To rephrase the cumulative total problem, we need to be able to pick some categories out of the whole list of categories based on the results of [TotalAmount]. There is a DAX function that can do this: TOPN. The obvious use of TOPN is to do calculation on for instance the top 10 customers, but in this case we will use a variable value of N in TOPN. Taking Accessories as an example again, we need to calculate the total amount for the top 4 categories. But to do that, we need to determine that Accessories is the number 4 category when it comes to [TotalAmount]. For this, we use another table function, RANKX. So we first create the calculated field below:
CategoryRank:=RANKX(ALL(Product[Category]);[TotalAmount])
What does RANKX do? To quote the Power Pivot tool tip, it ‘Returns the rank of an expression in the current context in the list of values for the expression evaluated for each row in the specified table’. So, our calculation evaluates [TotalAmount] in the current context (in our example, the Accessories category), then loops through the rows of ALL(Product[Category]), which is a list of all categories (remember that ALL is a table function, and we need to use ALL because of the current context), and evaluates [TotalAmount] for each category. It then returns the rank of the result for Accessories in the list for all categories. Below is the list of results of [TotalAmount] for all categories:
When we sort the list in descending order, we can see that indeed, Accessories is the 4th category:
With the rank, we can now calculate the cumulative total using the TOPN function:
ParetoValueCategory:=SUMX(TOPN([CategoryRank];ALL(Product[Category]);[TotalAmount]);[TotalAmount])
The calculated table we use in this SUMX statement:
TOPN([CategoryRank];ALL(Product[Category]);[TotalAmount])
returns, in our example Accessories category, the four categories with the largest value of [TotalAmount]. The SUMX itself sums the [TotalAmount] values of these four categories.
Now, the only thing left to do is to calculate the Pareto percentage:
Pareto%Category:=DIVIDE([ParetoValueCategory];[AmountAllCategories];BLANK())
In the chart, we sort on the [TotalAmount] field used for the columns, and put [Pareto%Category] as a line chart on the secondary axis.
Creating a Pareto analysis on the Product level works exactly the same, obviously, the only difference is that we have to take care of two columns that can filter the products, [ProductCode] and [ProductName]. The calculated fields are below:
AmountAllProduct:= CALCULATE([TotalAmount];ALL(Product[ProductCode];Product[ProductName])) ProductRank:=RANKX(ALL(Product[ProductCode];Product[ProductName]);[TotalAmount]) ParetoValueProduct:=SUMX(TOPN([ProductRank]; ALL(Product[ProductCode];Product[ProductName]);[TotalAmount]);[TotalAmount]) Pareto%Product:=DIVIDE([ParetoValueProduct];[AmountAllProduct];BLANK())

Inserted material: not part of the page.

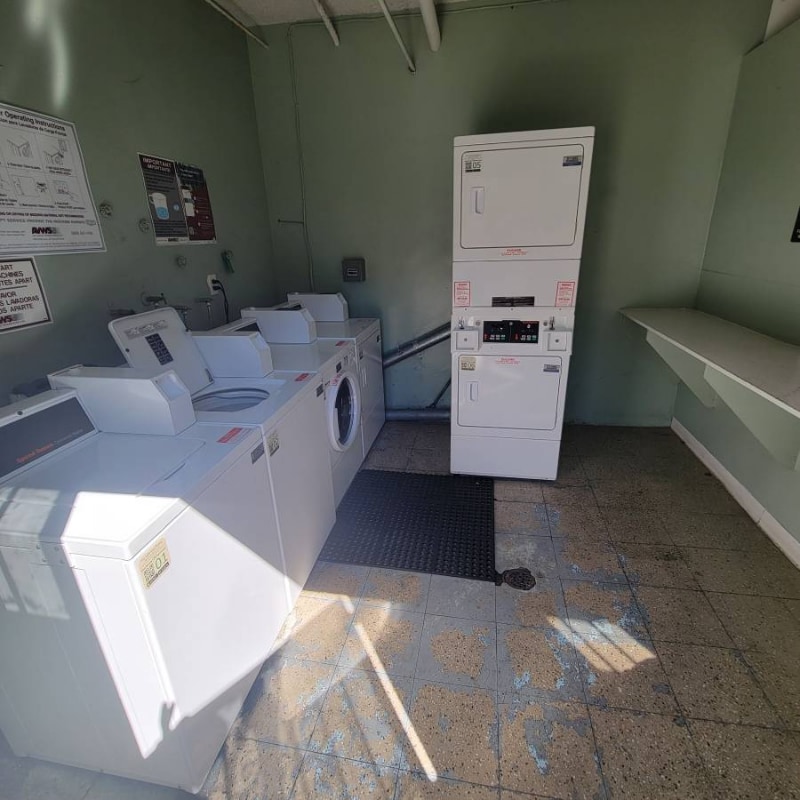 Building Photo - 3956 Stevely Ave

Here’s the Pareto chart with the large number of products:
Just for fun, we can add categories to the X-axis and have many Pareto charts in one. I don’t really think this makes sense, but it’s nice that it works and returns the right percentages in each category. It works this way because we used the right ALL statement in our calculations.
So, creating a Pareto chart with mostly DAX can be done. And the combination of RANKX and TOPN turns out to be a very powerful one, which will certainly prove useful in other situations.